18th Jul 2008 | 12:52 pm | Filed under Book Review, Interview

by pattrice jones

This interview and book review was originally published in the December, 1999 edition of LesbiaNation.

In her recently released book Exile & Pride: Disability, Queerness, and Liberation (South End Press), lesbian feminist and disability rights activist Eli Clare explores the political and emotional terrain of disability, class and sexual orientation by means of personal narratives. In sometimes surprising ways, Clare brings together issues that on the surface seem separate but which she sees as parts of a devastating unified field: environmental destruction and the sexual exploitation of children, homophobic violence and the economic exploitation of workers, cultural bigotry and the exploitation of natural resources.

Some of us, Clare maintains, are more scarred by these things than others, but none of us are unscathed. As she points out, our bodies can be and are “stolen, fed lies and poison, torn away from us…. Stereotypes and lies lodge in our bodies as surely as bullets.” But Clare is not content to simply catalog the damage; she insists that “the stolen body can be reclaimed.” That grand hope amid grave circumstances is Clare’s gift to her audience. In return, readers are asked to join her in grappling with complex and often uncomfortable issues.
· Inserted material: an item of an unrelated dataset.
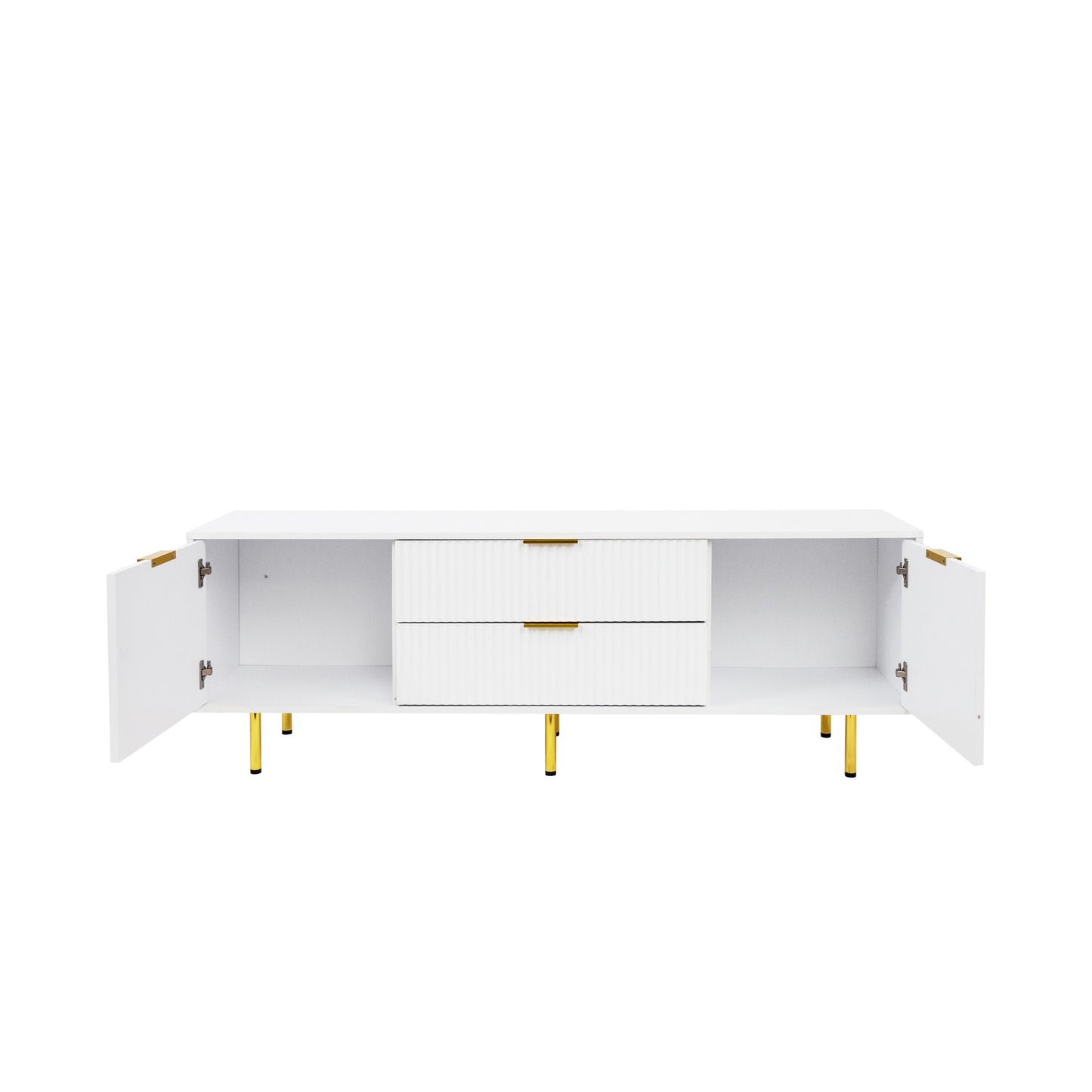 Modern Warm White TV Cabinet for Living Room Bedroom Storage Unit Entertainment Center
It can make for grim reading at times, but Clare eases the way by writing in an engaging style and by mixing anecdotes and recollections with more abstract political reflections.

This slim volume is already having a big impact: Lesbian activists such as Suzanne Pharr and Mab Segrest have lauded Exile & Pride with much acclaim, while others, like sexpert Pat Califia have dismissed the book as “leftist dogma.” We spoke with Clare about her work and the mixed reactions it’s generating within the community.
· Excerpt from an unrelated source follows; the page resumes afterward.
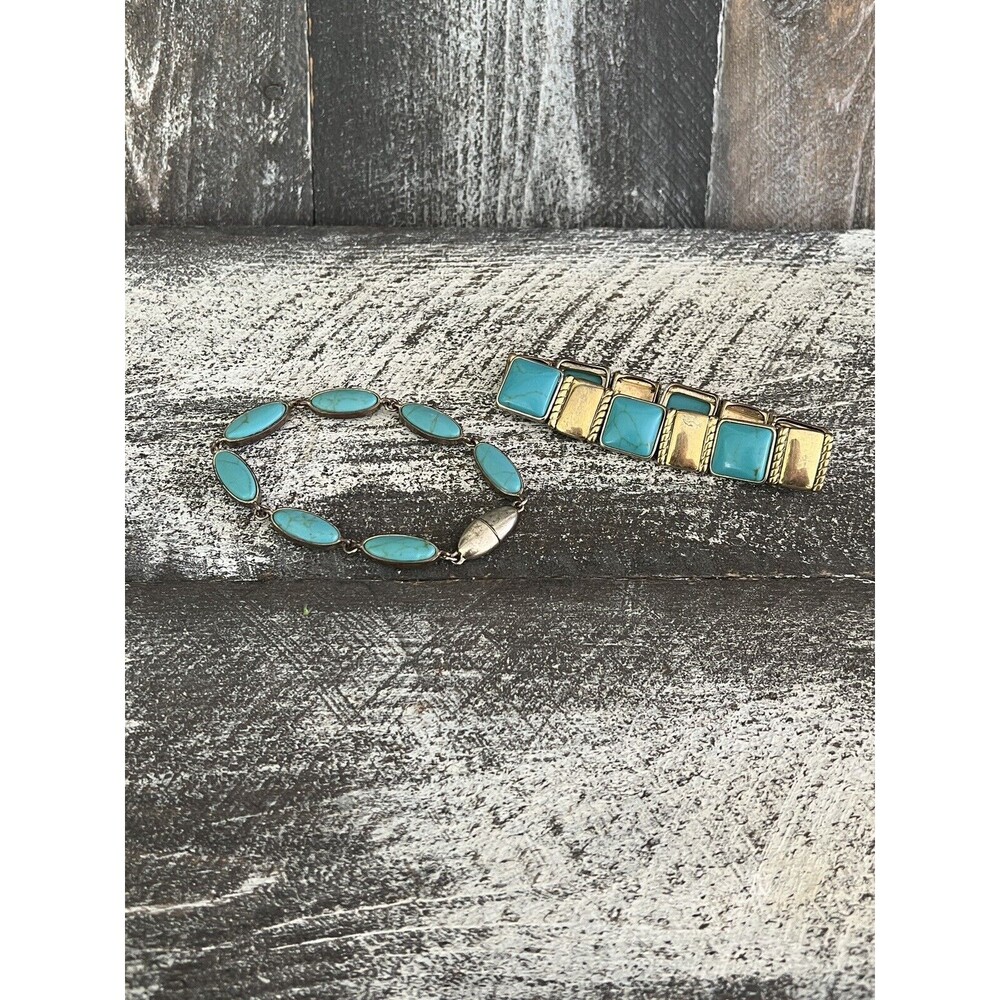 Vintage Monet Turquoise Bracelets- Stone Sleek Stretch Silver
In her review for Girlfriends magazine, Pat Califia wrote that in Exile & Pride “Clare bludgeons the reader with leftist dogma.” How did you feel when you read that?

Steamed. Not hurt, but stung. I’m really good at resisting messages from the dominant culture, but to have someone like Pat Califia using the words dogma and bludgeon tapped into some self-doubt. Now I can laugh and say that if I’m writing leftist dogma, it’s because the world needs leftist dogma. When did leftist dogma become a bad thing?

I guess I’m not surprised that Califia wrote a negative review of this book.

Right, right. I don’t know Pat, but her work, about 90 percent of it, makes me ask, What are you doing? She’s made her career by being very outrageous in terms of sex and sexuality. She’s basically said time and again, “Let’s erase all the lines; let’s stop judging behavior connected to sex in any way, shape or form.” And that equates things like child pornography with consensual sex between adults.

What do you think about the fact that some of Califia’s writing has been really influential, especially among younger lesbians? Specifically, in light of what you’ve written about being raped by your father, her book Doing It for Daddy.

She has been one of the people who really perpetuated this great divide about sexual politics that I write about in my book. There are two polarized positions: You’re either anti-pornography and called anti-sex and accused of being pro-censorship, or you’re pro-pornography and called pro-sex and anti-censorship. To carve a thoughtful political place between those two poles is really difficult. How do we talk about the roles of pornography and erotica? How do we talk about censorship and free speech? How do we talk about sexual damage and sexual pleasure at the same time and really create a complex analysis?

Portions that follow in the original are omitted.